The US Economy was nearing a successful boom and then the global pandemic hit and now it’s on seriously shaky ground.
After the economic turmoil the United States was experiencing from 2008, things have been rapidly on the up. While they were slowing to a degree in 2019, this year was full of optimism and many industries were suspected to boom.
Hotels were popping up all over the country, airlines were showing their highest levels of employment, retail sale began to climb. Then, the coronavirus knocked on their door.
An unexpected guest, nonetheless. While so many major companies plan for drops in the economy, no one was quite prepared for the halt that COVID19 would ensure.
Unemployment rates in the US haven’t been this low since the Great Depression. Just shy of a century ago. The effects of this virus are far beyond what anyone could have imagined. Instead of things gradually slowing down, as they can in a period of economic downturn, they screeched to a stop without knowledge of when they might start back up again.
“I never had a business plan that was called pandemic…we just never imagined the economy turning off.” Says Ford CEO Jim Hackett in an earnings call.

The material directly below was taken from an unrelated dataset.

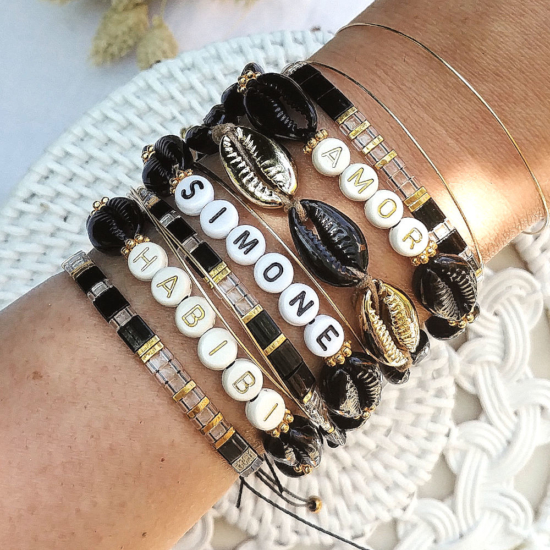 accumulation bracelets tendance mot ou prénom personnalisble coquillage cauri noir et or bracelets perles plates en verre japonaises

The outbreak began in China and during that time, no one really knew what kind of effects this would have on the economy at an international level. Before the virus actually made its way into other countries, the US saw effects in the world of trade. With the virus in full swing in China, factories had to shut down and this made importing goods much more difficult. Apple predicted a shortage of iPhones. Computers and video game consoles were becoming harder to stock for companies like Best Buy.
Then, the virus itself arrived, forcing the US to close schools and offices and many non-essential businesses. This has forced companies to think of fresh, innovative ways to stay alive or risk permanent closure. Most of these new decisions have to be thought with long-term stamina and goals in mind. This pandemic will leave a scar that could take years to fade.
“Having a business model which is flexible and adaptable was already very important in a world which is highly globalized and competitive with constant technological change. It is 10 times as important right now.” said Kenneth Rogoff, Professor of Economics from Harvard Univeristy
Auto production has come to a complete standstill since the global pandemic hit. Major companies have already lost billions of dollars in just the first financial quarters, with Ford claiming to have lost $2billion and Chrysler at $5.5billion.
Consumers are no longer spending their savings on unnecessary items, but rather focusing on standard, every day essentials, like food, medication and toilet paper.
Airlines prepared for a big year of travel in 2020, only to experience a drop in sales prior to ceasing all passenger flights. US airlines reportedly (federal data) asked their employees to voluntarily take unpaid leave.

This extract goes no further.